## Records for this exercise
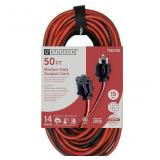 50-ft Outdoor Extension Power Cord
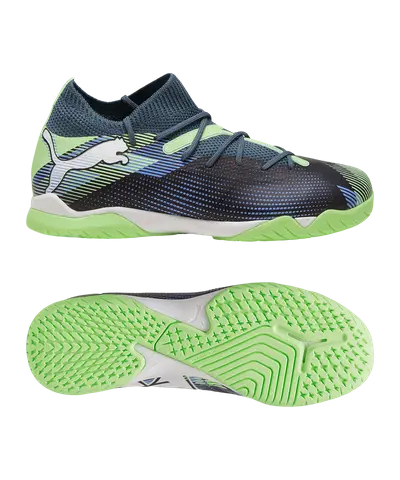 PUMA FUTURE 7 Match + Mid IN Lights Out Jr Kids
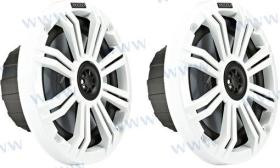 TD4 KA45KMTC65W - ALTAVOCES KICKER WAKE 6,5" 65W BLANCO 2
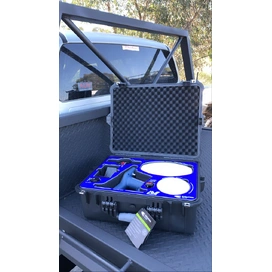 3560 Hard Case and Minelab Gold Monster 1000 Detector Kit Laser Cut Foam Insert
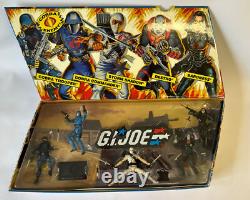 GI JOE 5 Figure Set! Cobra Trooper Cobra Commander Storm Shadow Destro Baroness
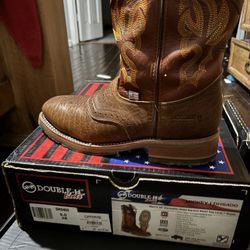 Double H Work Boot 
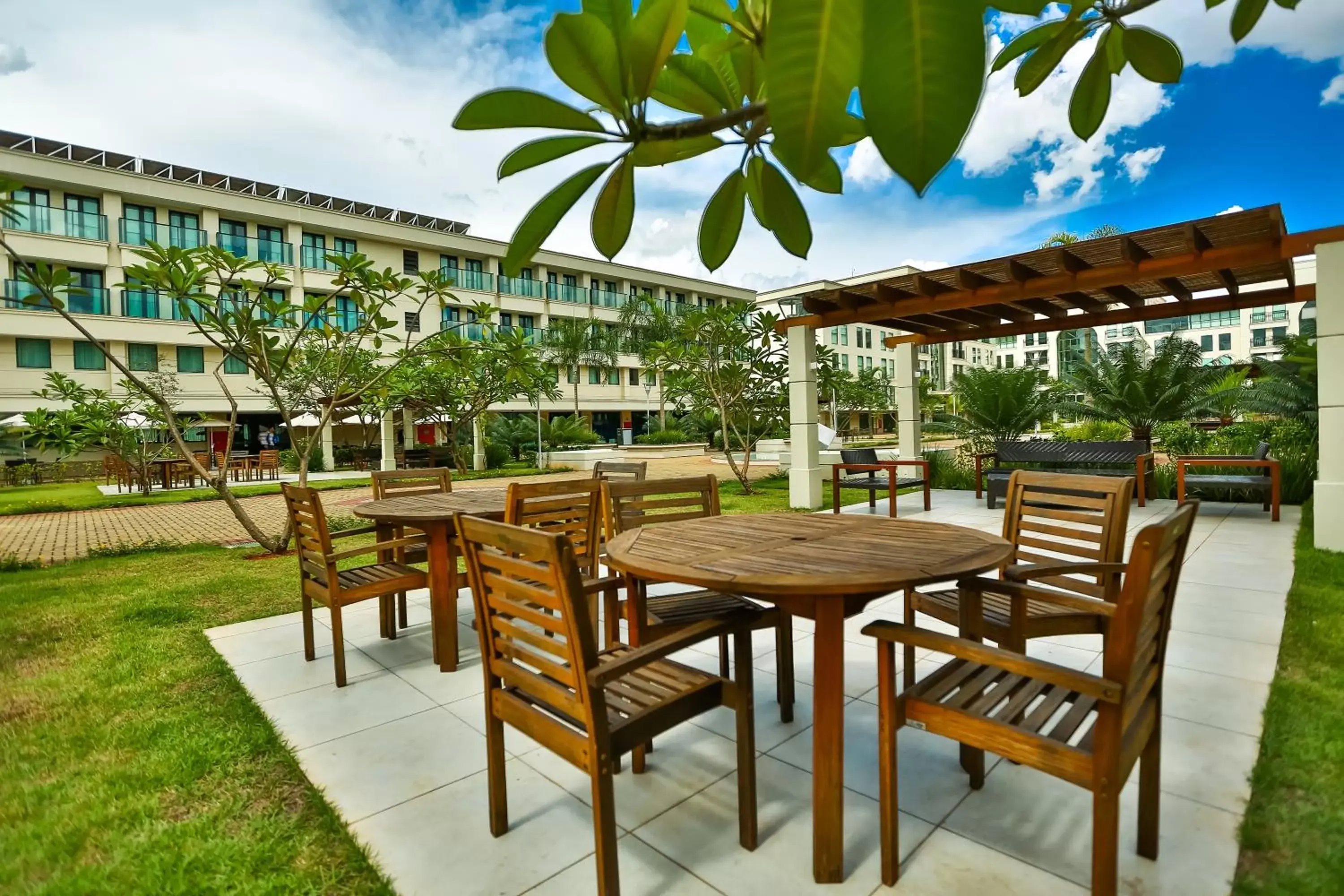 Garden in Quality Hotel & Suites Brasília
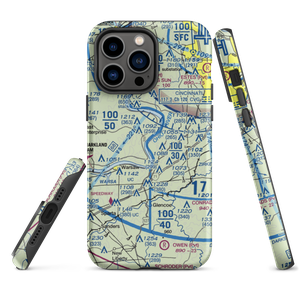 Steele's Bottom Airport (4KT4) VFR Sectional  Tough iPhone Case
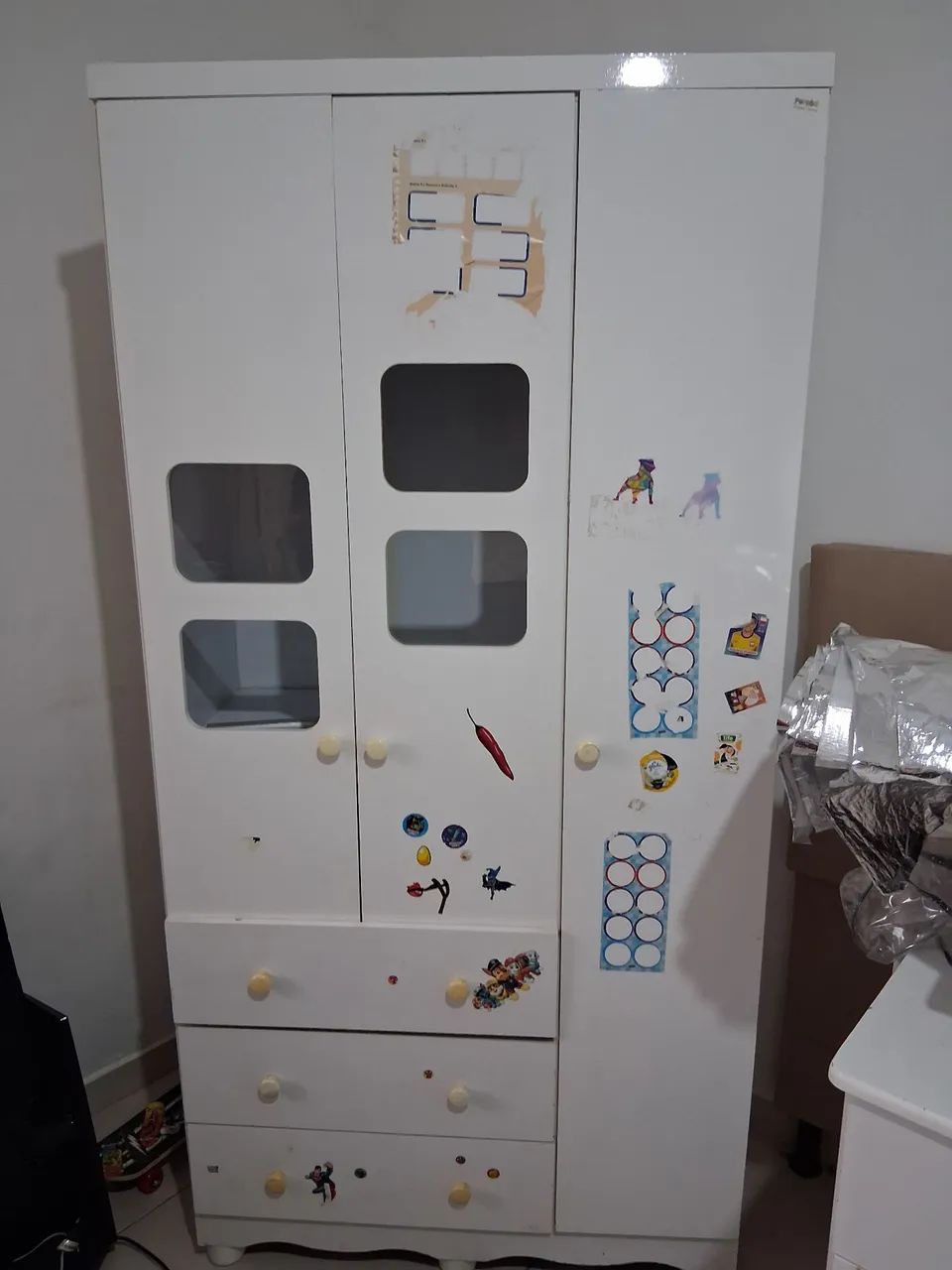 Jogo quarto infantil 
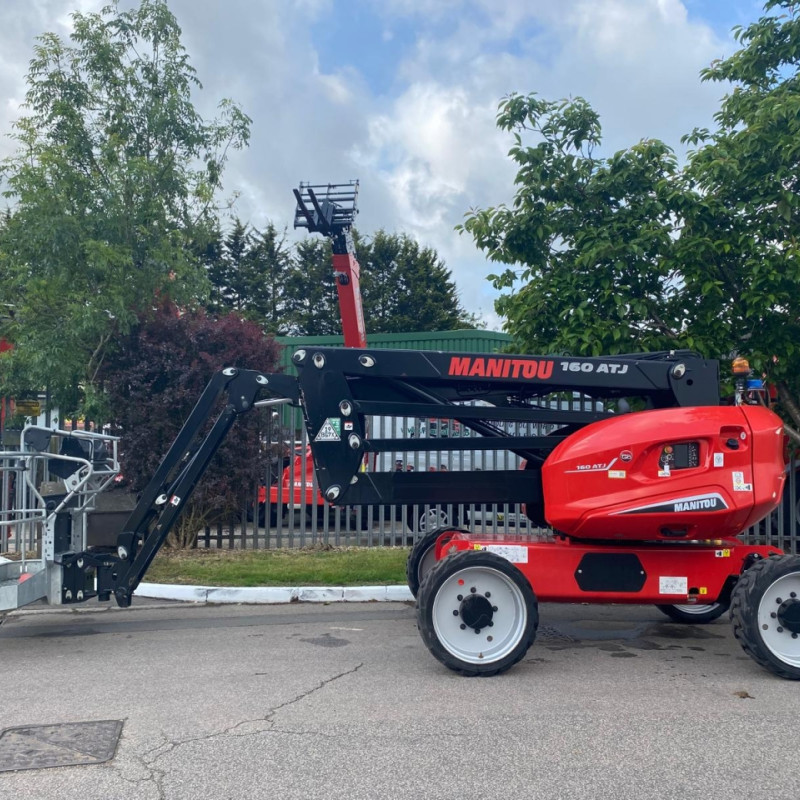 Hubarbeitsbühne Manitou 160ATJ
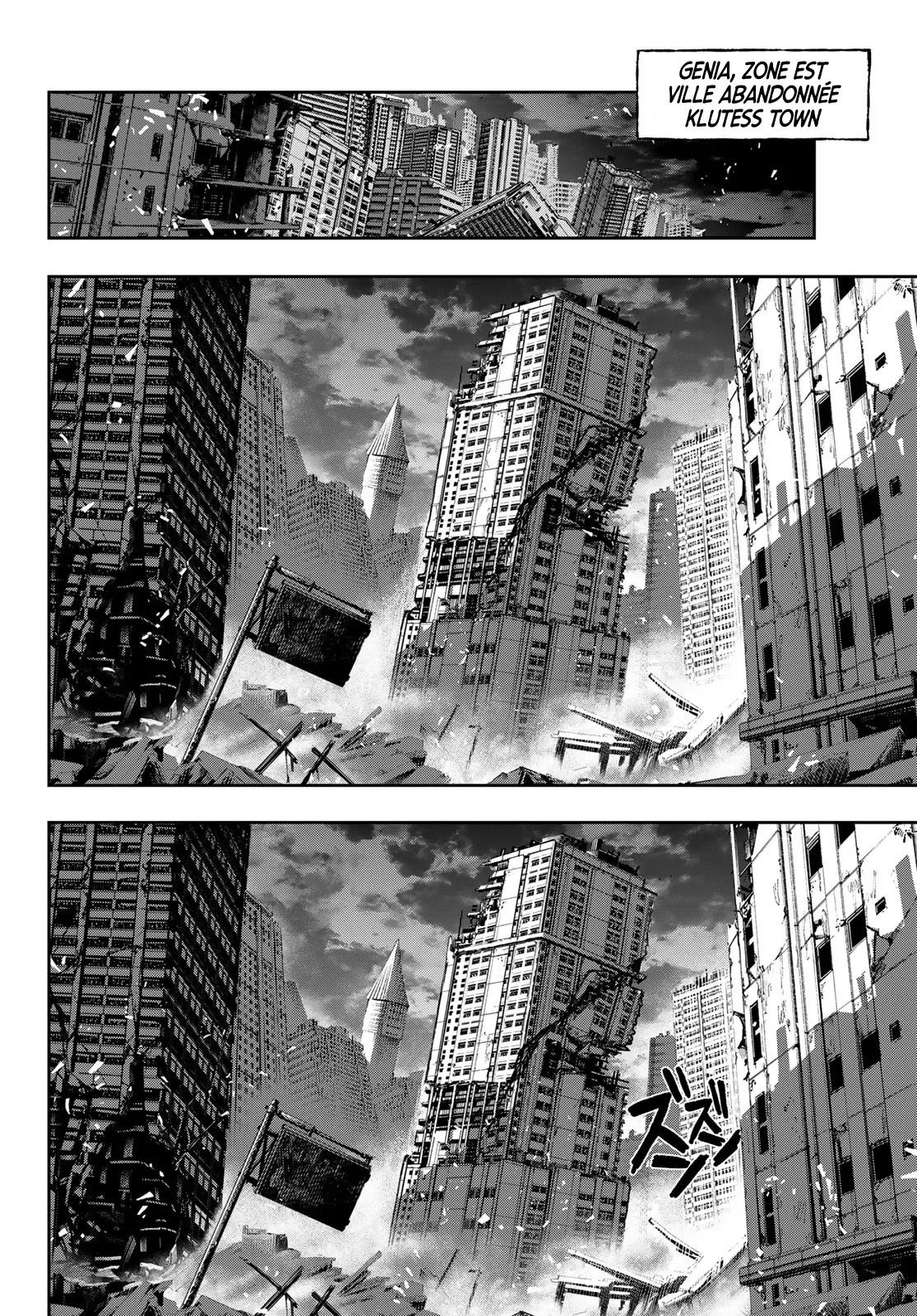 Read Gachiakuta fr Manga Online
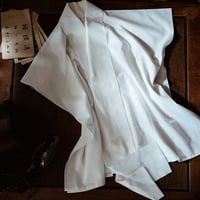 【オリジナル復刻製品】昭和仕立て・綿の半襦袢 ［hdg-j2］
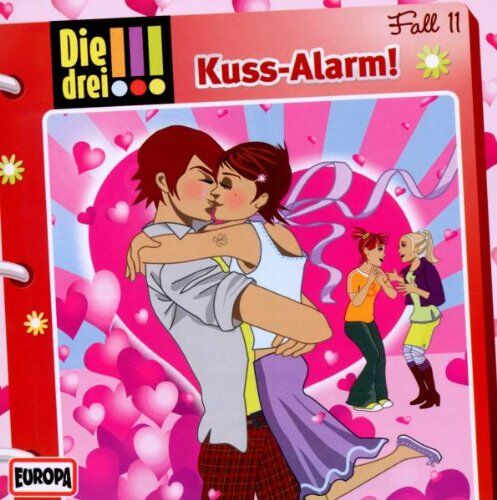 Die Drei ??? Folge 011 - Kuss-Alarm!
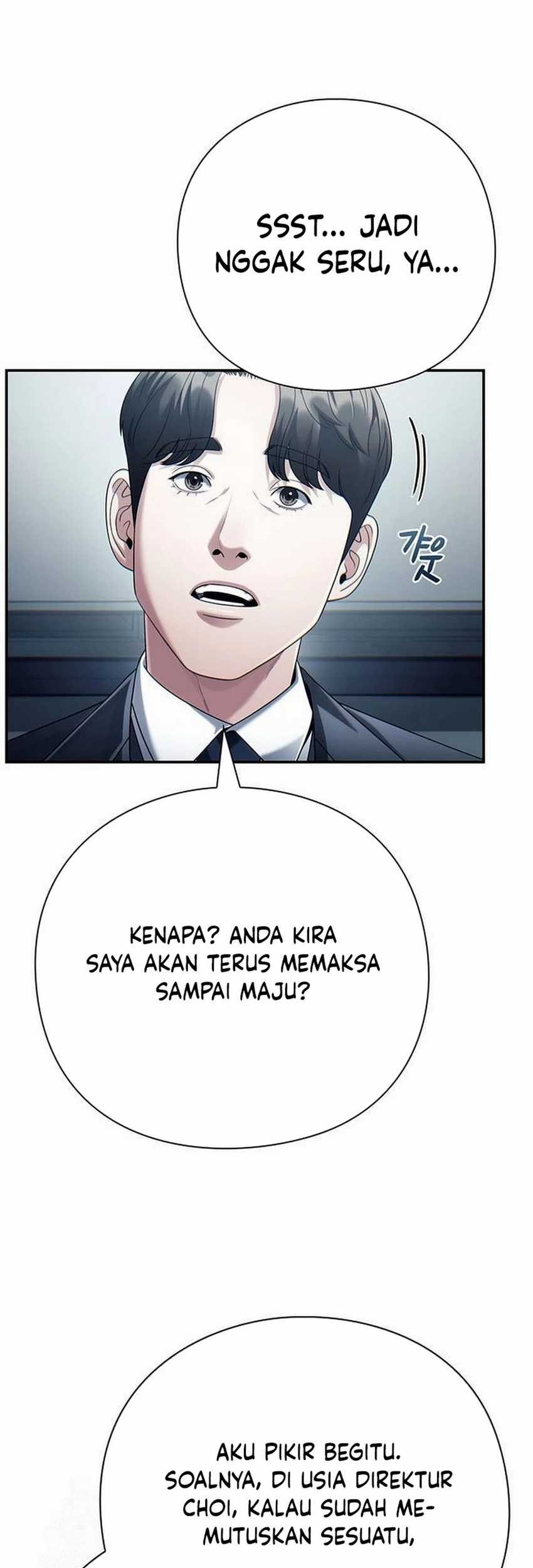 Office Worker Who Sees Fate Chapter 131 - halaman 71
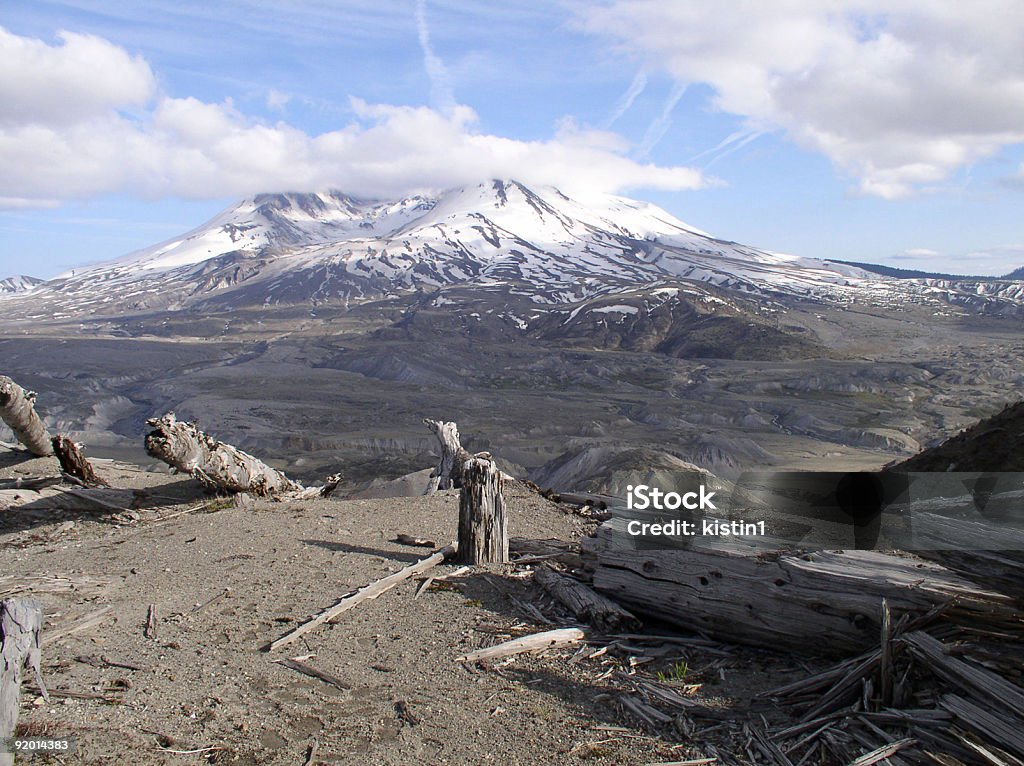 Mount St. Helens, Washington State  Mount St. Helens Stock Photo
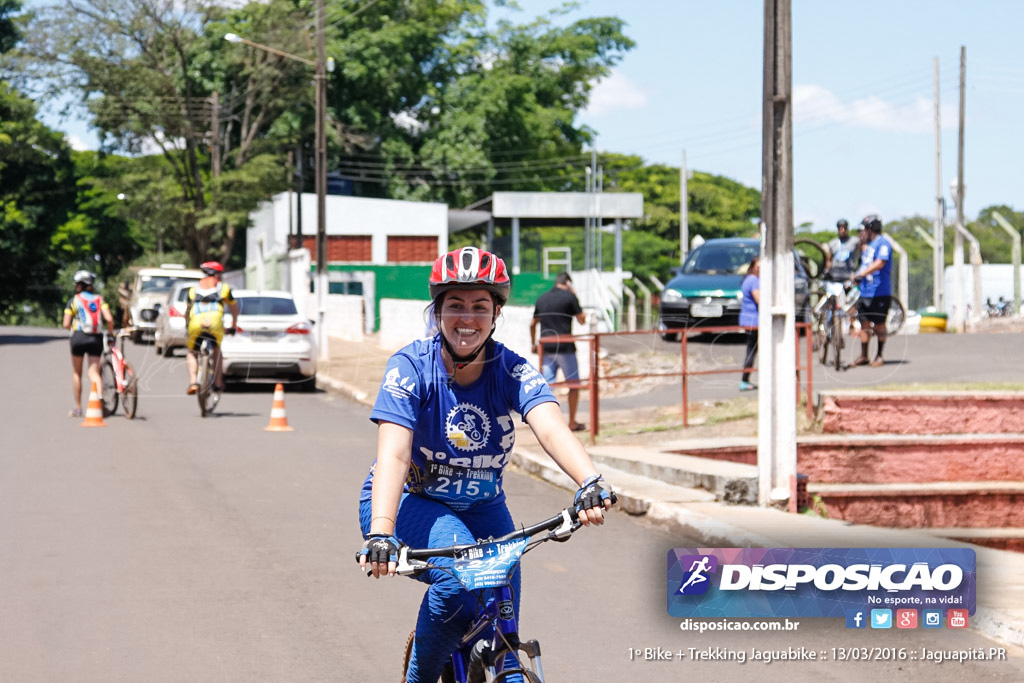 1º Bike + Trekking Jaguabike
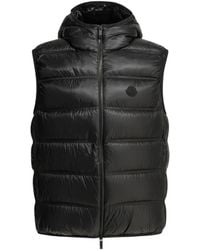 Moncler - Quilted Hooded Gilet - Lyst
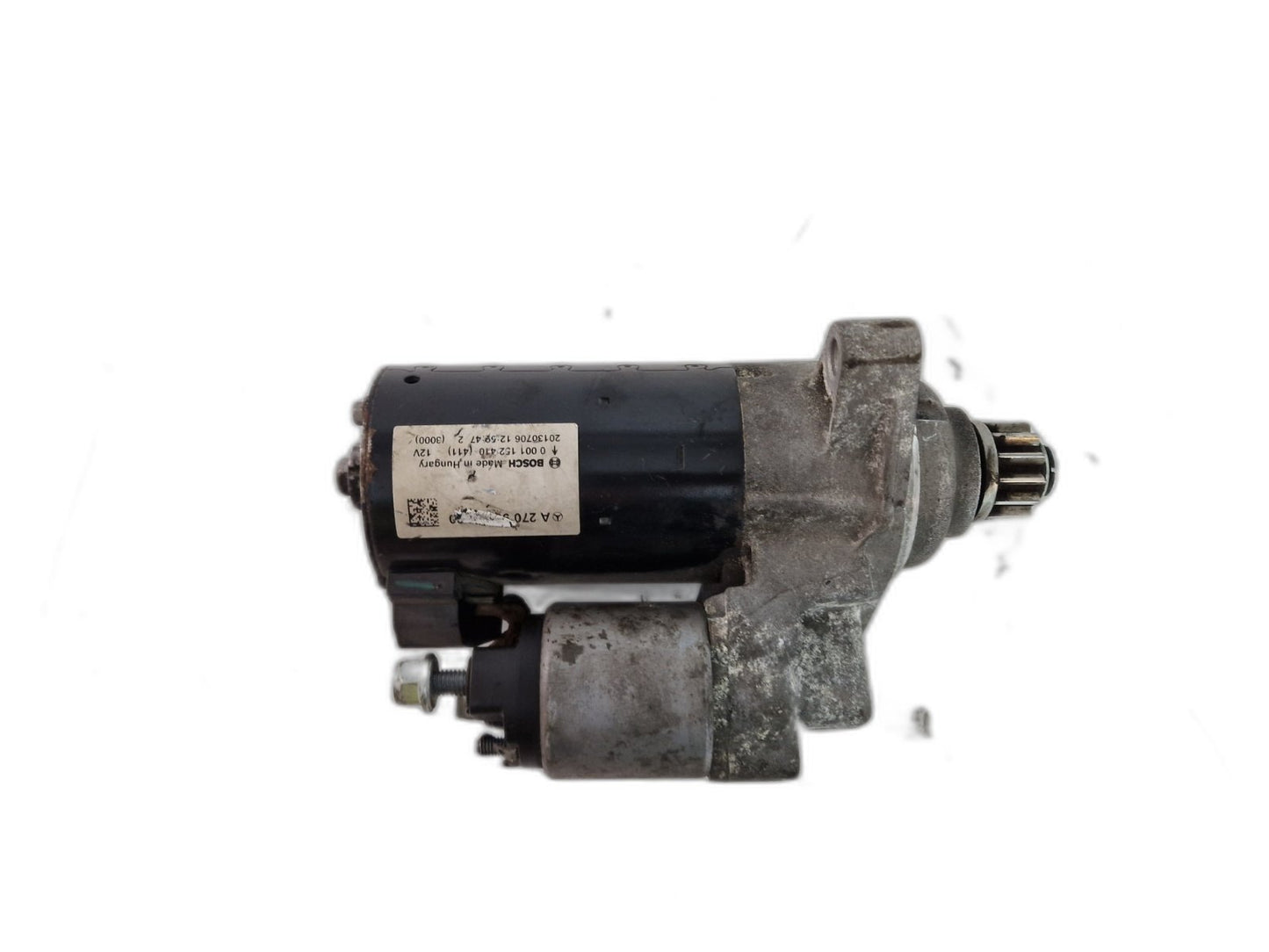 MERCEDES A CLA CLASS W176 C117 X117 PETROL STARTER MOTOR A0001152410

## Work task
Reproduce exactly, with every picture left out, the lines from the one that contains "Hubarbeitsbühne Manitou 160ATJ" to the final line of the records above.

## Written response
 Hubarbeitsbühne Manitou 160ATJ
 Read Gachiakuta fr Manga Online
 【オリジナル復刻製品】昭和仕立て・綿の半襦袢 ［hdg-j2］
 Die Drei ??? Folge 011 - Kuss-Alarm!
 Office Worker Who Sees Fate Chapter 131 - halaman 71
 Mount St. Helens, Washington State  Mount St. Helens Stock Photo
 1º Bike + Trekking Jaguabike
 Moncler - Quilted Hooded Gilet - Lyst
 MERCEDES A CLA CLASS W176 C117 X117 PETROL STARTER MOTOR A0001152410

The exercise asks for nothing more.